One of the most famous parts of the Alhambra, the Patio de los Leones, has finally got its central feature back in full working order after ten years.
The 14th-century sculpture in its centre, of 12 white marble lions holding a duodecagonal (12-sided) basin, was returned to its rightful spot last month. Now, at the weekend, its fountain was turned on for trials, so that the marble lions were able to resume spouting water as they have done for 700 years. The fountain is considered one of the one most important examples of Muslim architecture, and the return of this much-loved attraction of Granada's magnificent palace has been long awaited and anticipated.
Four white marble channels carried the water from the fountain to various points around the patio; flowing water, fountains and pools were important aesthetic and spiritual features of Moorish gardens and palaces. These channels have been dry for a decade - the first lion (number 4) was removed back in 2002.
So if you've visited the Alhambra in the past five years, since 2007, they were not the original lions you saw, but replicas.

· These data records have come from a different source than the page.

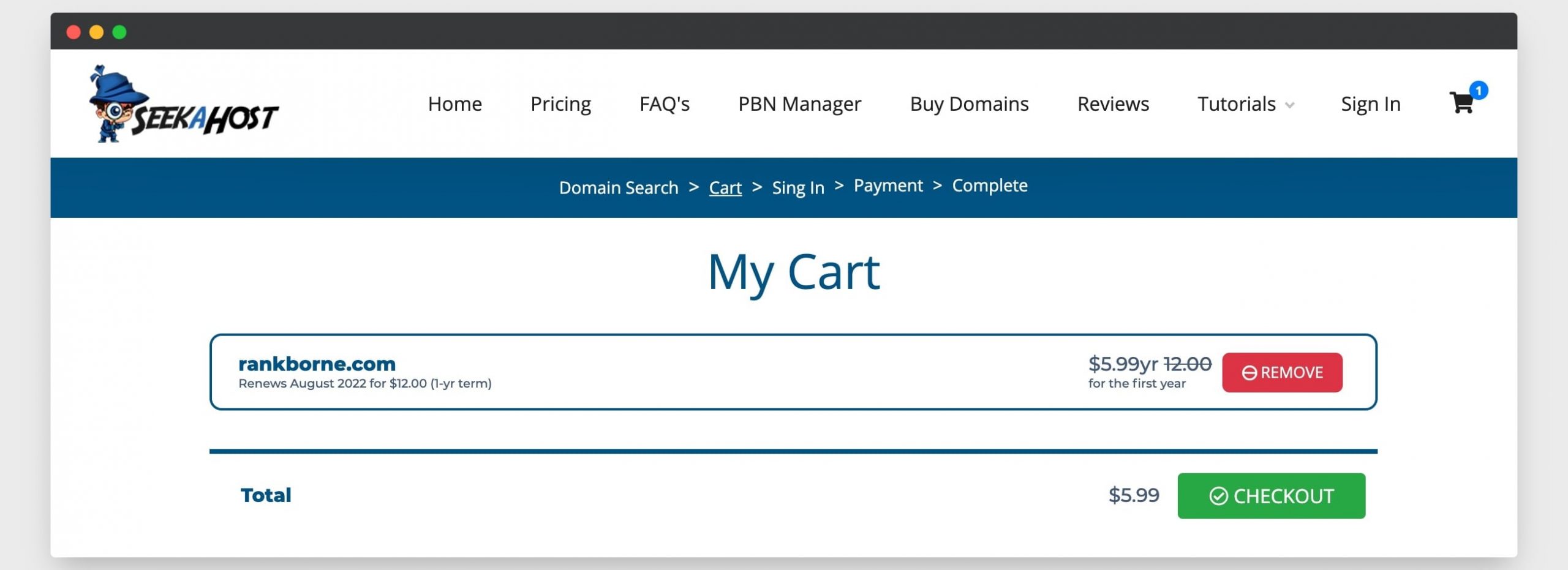 Domains im Warenkorb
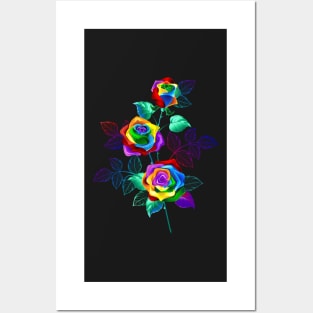 Branch with Rainbow Roses Posters and Art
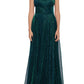 Betsy & Adam Women's Halter Mock Neck Crinkle Faux Wrap Gown Green Size 6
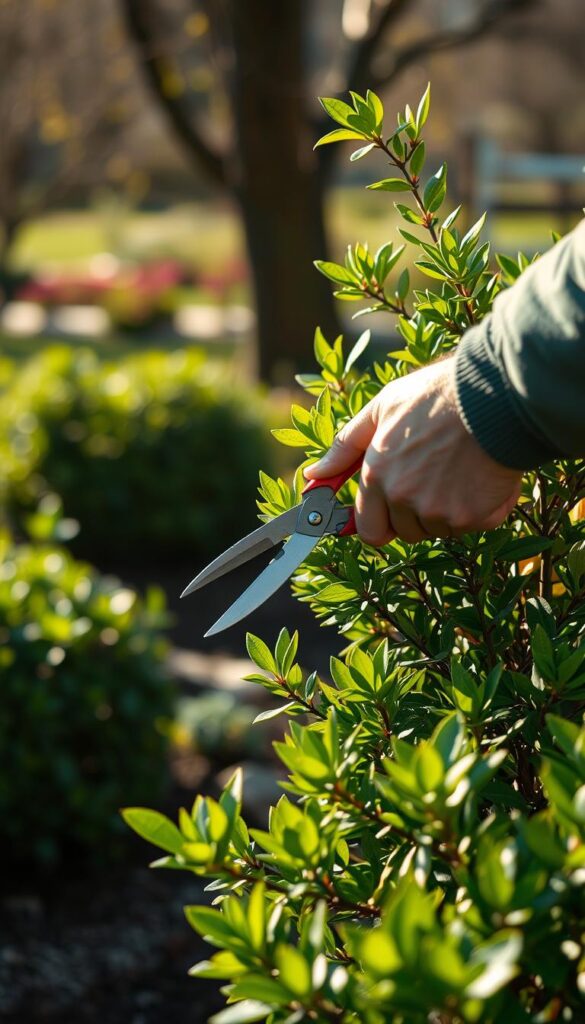 A gardener carefully pruning a lush, green shrub with sharp pruning shears, sunlight filtering through the foliage and casting delicate shadows. The subject is positioned in the foreground, with a blurred, tranquil garden scene in the background, hinting at the broader context of spring garden preparation. The composition is balanced, with the pruning action as the central focus, conveying a sense of thoughtful, intentional shaping and cultivation. The image evokes a mood of quiet, focused productivity amidst the renewal of the spring season.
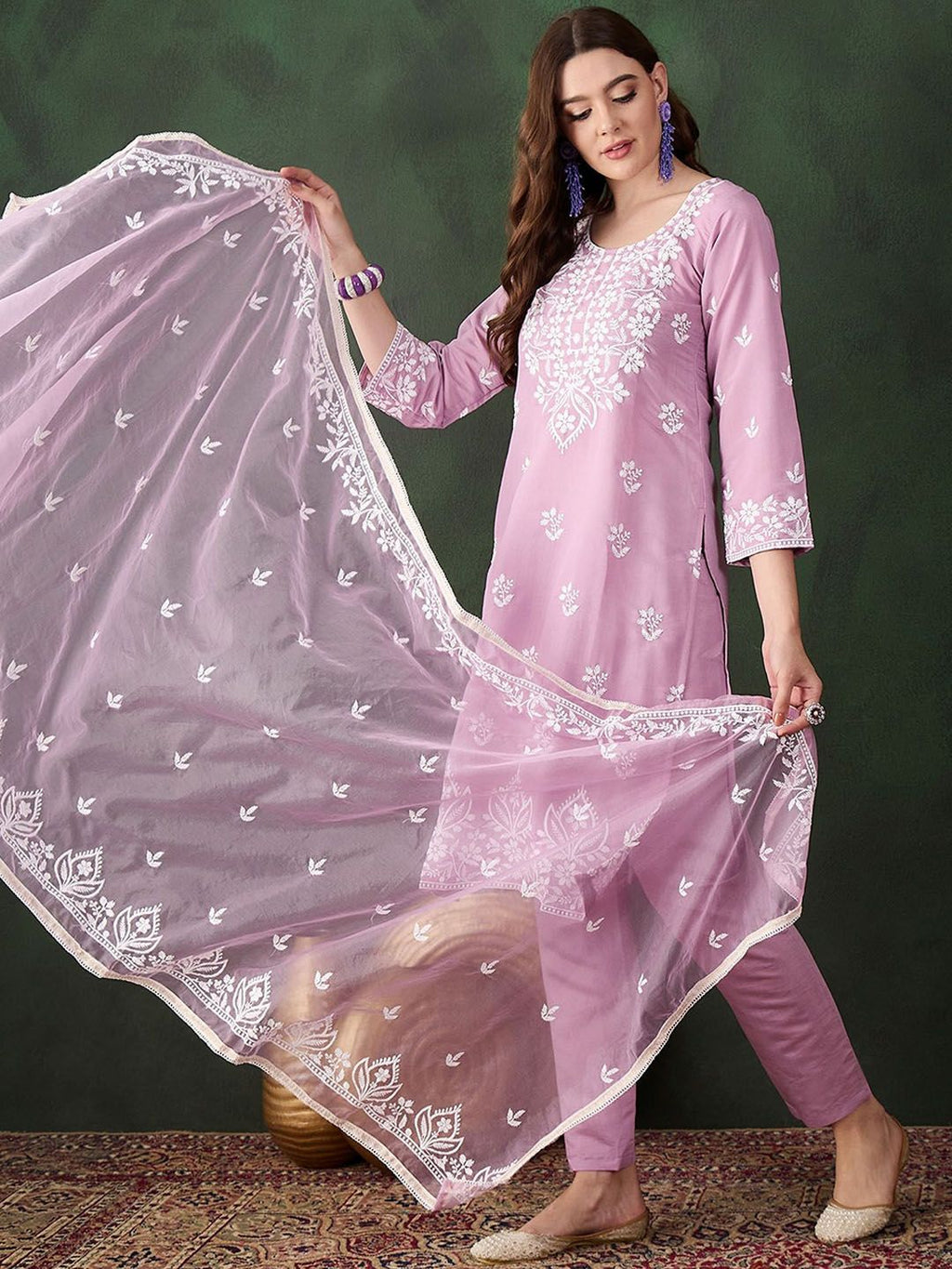 Sangria Lavender Floral Embroidered Thread Work Cotton Kurta & Trouser With Dupatta | Grocsy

And soon - hopefully in spring - when work on the floor of the patio is completely finished (marble from the same quarry where the original material was mined - Macael in Almeria - is being used), visitors will be able to get closer than ever to these wonderful beasts - although not touch them; traditionally, children used to sit on the lions to have their photo taken.
When this is possible, you will be able to see that each lion's face is different, thanks to the two-million-euro three-year restoration process, which also mended cracks and marks from the water. Since 2010, the lions have been on display in the Palacio Carlos V, while they waited for their home to be finished.
Let's hope that these tests are successful, and the lions will, once more, be able to keep up their gentle flow.